И после двух приступов кровохарканья священник скончался за два дня до праздника. Все уже готовились провожать старый год.
И наконец, Шиль был портным для своих пациентов. Посмотрит кого-нибудь, бывало, и скажет членам семьи, что ничего нельзя поделать и больной долго не протянет, и спросит, есть ли у него новый костюм; а если такового не было, Шиль отправлялся в Луго, в Вильялбу или в Мондоньедо и покупал отрез темного какого-нибудь цвета и шил костюм, который больной наденет, лишь когда упокоится… Кое-кто из больных, случалось, и повеселеет немного, увидев, что Шиль строит ему костюм. Куртка была на семи пуговицах и без лацканов. Некто Моуре, из Навиа-де-Суарна, выздоровел, когда уже одной ногой в могиле стоял, и стал носить костюм, который ему построил Шиль, и на ярмарках, и в праздники люди у него просили дозволения притронуться к спине и малым детям его куртку показывали.
Шиль скончался, выйдя из сестрина дома специально чтобы умереть. Сел на пенек, открыл зонт и умер. Как раз начался майский пост, он в то утро побрился.
— Приходите за мной через час, а в дом внесите, усадив на стул, — сказал он перед уходом.

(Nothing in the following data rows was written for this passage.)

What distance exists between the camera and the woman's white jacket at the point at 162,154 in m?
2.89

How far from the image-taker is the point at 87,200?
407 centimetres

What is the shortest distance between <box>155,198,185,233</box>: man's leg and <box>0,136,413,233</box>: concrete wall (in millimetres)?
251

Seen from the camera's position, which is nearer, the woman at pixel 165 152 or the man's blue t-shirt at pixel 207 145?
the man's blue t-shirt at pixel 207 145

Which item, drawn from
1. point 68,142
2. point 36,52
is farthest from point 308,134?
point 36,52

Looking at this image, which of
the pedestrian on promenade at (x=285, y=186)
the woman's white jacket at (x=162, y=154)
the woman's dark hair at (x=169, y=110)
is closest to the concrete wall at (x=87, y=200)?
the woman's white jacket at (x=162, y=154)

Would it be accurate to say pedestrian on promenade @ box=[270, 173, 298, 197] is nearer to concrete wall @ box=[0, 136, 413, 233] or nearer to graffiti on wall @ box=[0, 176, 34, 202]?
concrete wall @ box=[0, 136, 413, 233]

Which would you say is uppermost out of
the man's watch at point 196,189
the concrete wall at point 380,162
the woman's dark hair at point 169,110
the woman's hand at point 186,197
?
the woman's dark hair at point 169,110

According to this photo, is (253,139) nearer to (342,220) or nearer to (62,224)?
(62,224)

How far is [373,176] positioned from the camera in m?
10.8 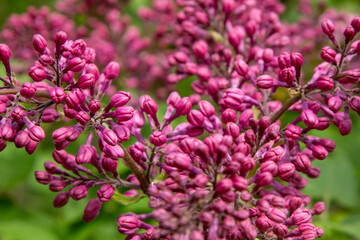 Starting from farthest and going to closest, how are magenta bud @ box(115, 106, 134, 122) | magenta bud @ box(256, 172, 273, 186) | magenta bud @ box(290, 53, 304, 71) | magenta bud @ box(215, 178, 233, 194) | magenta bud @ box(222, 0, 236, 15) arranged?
magenta bud @ box(222, 0, 236, 15)
magenta bud @ box(290, 53, 304, 71)
magenta bud @ box(115, 106, 134, 122)
magenta bud @ box(256, 172, 273, 186)
magenta bud @ box(215, 178, 233, 194)

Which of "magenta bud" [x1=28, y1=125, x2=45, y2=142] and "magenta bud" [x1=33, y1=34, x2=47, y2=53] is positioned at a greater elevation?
"magenta bud" [x1=33, y1=34, x2=47, y2=53]

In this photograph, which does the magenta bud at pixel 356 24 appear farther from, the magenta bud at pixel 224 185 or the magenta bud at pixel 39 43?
the magenta bud at pixel 39 43

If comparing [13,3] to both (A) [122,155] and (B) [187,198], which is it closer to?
(A) [122,155]

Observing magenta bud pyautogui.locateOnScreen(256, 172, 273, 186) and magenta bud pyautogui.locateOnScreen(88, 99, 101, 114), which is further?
magenta bud pyautogui.locateOnScreen(88, 99, 101, 114)

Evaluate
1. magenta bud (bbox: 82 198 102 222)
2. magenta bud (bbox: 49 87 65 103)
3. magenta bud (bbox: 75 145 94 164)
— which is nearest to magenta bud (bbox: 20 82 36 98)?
magenta bud (bbox: 49 87 65 103)

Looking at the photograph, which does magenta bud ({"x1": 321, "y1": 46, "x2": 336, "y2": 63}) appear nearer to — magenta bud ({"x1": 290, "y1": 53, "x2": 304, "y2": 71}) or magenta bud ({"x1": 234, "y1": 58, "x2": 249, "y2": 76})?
magenta bud ({"x1": 290, "y1": 53, "x2": 304, "y2": 71})

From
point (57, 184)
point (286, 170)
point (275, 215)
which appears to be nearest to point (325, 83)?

Один старик арендатор из Балтара уверял меня, что Шиль давал землякам от расстройства желудка отвар из собственной щетины. Вполне в его духе.

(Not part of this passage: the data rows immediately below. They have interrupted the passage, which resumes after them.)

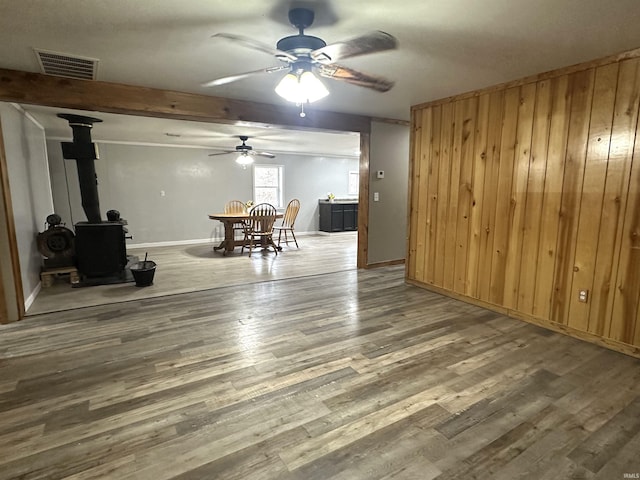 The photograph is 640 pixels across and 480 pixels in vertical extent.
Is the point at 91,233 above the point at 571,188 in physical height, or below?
below

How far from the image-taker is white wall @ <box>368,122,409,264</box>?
510cm

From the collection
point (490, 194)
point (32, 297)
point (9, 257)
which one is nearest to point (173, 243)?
point (32, 297)

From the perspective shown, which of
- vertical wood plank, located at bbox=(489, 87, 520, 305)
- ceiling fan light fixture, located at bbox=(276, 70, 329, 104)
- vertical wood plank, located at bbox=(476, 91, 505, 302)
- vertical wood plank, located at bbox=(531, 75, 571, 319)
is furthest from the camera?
vertical wood plank, located at bbox=(476, 91, 505, 302)

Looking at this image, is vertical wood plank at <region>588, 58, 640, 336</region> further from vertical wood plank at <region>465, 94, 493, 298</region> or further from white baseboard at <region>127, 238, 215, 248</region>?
white baseboard at <region>127, 238, 215, 248</region>

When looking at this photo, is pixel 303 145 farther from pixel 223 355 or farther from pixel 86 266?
pixel 223 355

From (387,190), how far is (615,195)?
2.97m

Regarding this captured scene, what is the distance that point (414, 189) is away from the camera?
14.5ft

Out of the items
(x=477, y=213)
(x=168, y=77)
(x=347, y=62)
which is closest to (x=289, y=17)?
(x=347, y=62)

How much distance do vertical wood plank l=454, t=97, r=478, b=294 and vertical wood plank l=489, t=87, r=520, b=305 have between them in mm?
327

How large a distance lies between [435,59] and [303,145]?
5280 millimetres

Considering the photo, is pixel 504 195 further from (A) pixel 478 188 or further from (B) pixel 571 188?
(B) pixel 571 188

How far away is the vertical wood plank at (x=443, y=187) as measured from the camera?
3896 mm

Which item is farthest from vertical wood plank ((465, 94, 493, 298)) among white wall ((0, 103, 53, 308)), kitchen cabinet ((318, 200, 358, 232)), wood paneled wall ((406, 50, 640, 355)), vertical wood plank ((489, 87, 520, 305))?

Родом он был из Санталья-де-Оскос, это неподалеку от страшного ущелья между отвесными скалами, прежде там жили чернецы, теперь живут кузнецы. Был он высоченный, худющий, глаза светлые, а подглазья очень впалые и темные. На лоб спадали белые завитки. Садился и приказывал больному сесть насупротив. Спрашивал у него все имена и клички: и как дом прозывается, и какое прозвище у семьи, и какое у него у самого, какие шутейные прозвания давали ему в малолетстве либо в отрочестве братья и сестры, родные и друзья.
— Меня, — сказал я ему как-то, — братья прозвали «ножки-спички».
— Потому как был ты тощенький и долговязый! Помню, как же!
Вынимал он из кармана самарры — зеленого сукна была и с черными бархатными кантами — кожаный футляр, в котором хранил плотничий отвес. Больной должен был упереться локтем левой руки в левое колено и держать отвес меж большим и указательным пальцами, так чтобы груз повис над самым носком башмака. Ламас Старый заставлял больного высидеть в такой позе почти четверть часа. Ламас приглядывался к тому, как дрожит свинцовый шарик, и по нему изучал пульс больного. Затем больной должен был некоторое время смотреться в зеркальце, которое давал ему Ламас Старый.
— Помнишь, каким ты был десять лет назад? Какие перемены примечаешь?
Больной описывал, что нового он в себе углядел. Ламас Старый, новый Ханс Каспар Лафатер, придавал всем переменам величайшее значение. Он выслушивал от больного всю историю болезни его и всю историю его жизни. Как и все известные мне знахари, с больными он держался, как внимательный друг, как сочувствующий исповедник.
— Никто на тебя хвори не напускал, — говорил он обычно больному.